These services would be configured in terms of parameters familiar
to, and determined by, the business user 105, such as the number of
bicycles of a particular model to be produced per month, the
quality and cost ranges of parts on a bicycle parts list, and the
assembly time and order of assembly for the various parts. These
services may in turn be supported by ODOE services, such as a
database service for tracking bicycle orders and fulfillment, an
Internet ordering service for procurement of parts, and an assembly
monitoring service for tracking the time required to assemble the
various parts. If automated equipment is used to assemble the
bicycles, ODOE services might include a robotic maintenance service
for monitoring and managing performance of the equipment. In turn,
these ODOE services will require services from other levels of the
arrayed component services, such as a messaging service 162 to
carry messages from sensors at a bicycle assembly line over an
enterprise service bus 160 to support the assembly monitoring
service. Each of these support services will have their own
configurable parameters, and the ODCL 110 will use these parameters
to describe the relationships between these services.
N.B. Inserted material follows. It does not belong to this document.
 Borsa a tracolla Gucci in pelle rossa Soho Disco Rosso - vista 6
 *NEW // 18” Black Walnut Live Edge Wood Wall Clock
[0037] Now turning to FIG. 2, configuration policy 226 must be
turned into rules which can be executed by a configuration agent
230 at a configuration point 235. For the purposes of illustration
IBM's ACT tool is shown as the target for the configuration method
shown in FIG. 2, but "ACT" could be replaced by any service to be
configured. Configuration policy 226 describes at a high level what
is to be configured, how it is to be configured, when it is to be
configured and where it is to be configured. For example, in the
bicycle business described above the manufacturing plant may be in
city A, the servers that support the business may be located in
city B, and a communications link is used to connect the bicycle
business plant to its servers. The servers in City B and the
communications link connecting City A and City B are among those
low level services that must be included in the configuration
structure of levels beginning at top level of the services that
comprise the bicycle business. The policy 226 may target a
particular time window (say, March of the current year) for the
configuration, and may indicate how the configuration is to be done
by specifying a particular configuration tool (e.g. Tivoli by
IBM).
[0038] FIG. 2 will now be used to describe in greater detail how
the invention operates to transform configuration policy 226 so as
to develop configuration agents (e.g. 235), using for illustrative
purposes only ACT 245 as the configuration target. The elements of
the process within the ODCL are shown inside the area 210. Although
a plurality of model synthesizers 120, configuration agents 130,
and configuration agents 135 are shown in FIG. 1, only an exemplar
instance (model synthesizer 220, configuration agent 230, and
configuration point 235) is shown in FIG. 2. Further, the example
is for a particular component at a particular level, the rules
engine (e.g. ACT 245) within ODOE level 240, but it will readily be
appreciated that other components in other levels of the
configuration structure would have their own configuration models
and configuration agents, all consistent with the policies and
rules defined in the ODCL 210.
[0039] It should also be noted that FIG. 2 therefore also applies
dynamically, that is, where a change is to be made in the
configuration the "what" portion of configuration policy 226 will
address those aspects of the high level configuration parameters
that are to be changed and the method of the invention will ensure
that these changes flow through the configuration structure created
by the invention in a seamless fashion without halting the system
being reconfigured.
[0040] Observation model situation rule meta model 212 defines what
is to be monitored and the corresponding metrics for monitoring,
drawing upon observation models 112. It is fed by situation rules
222, which provide sequencing rules for the order in which
components are configured, so that there are no surprises.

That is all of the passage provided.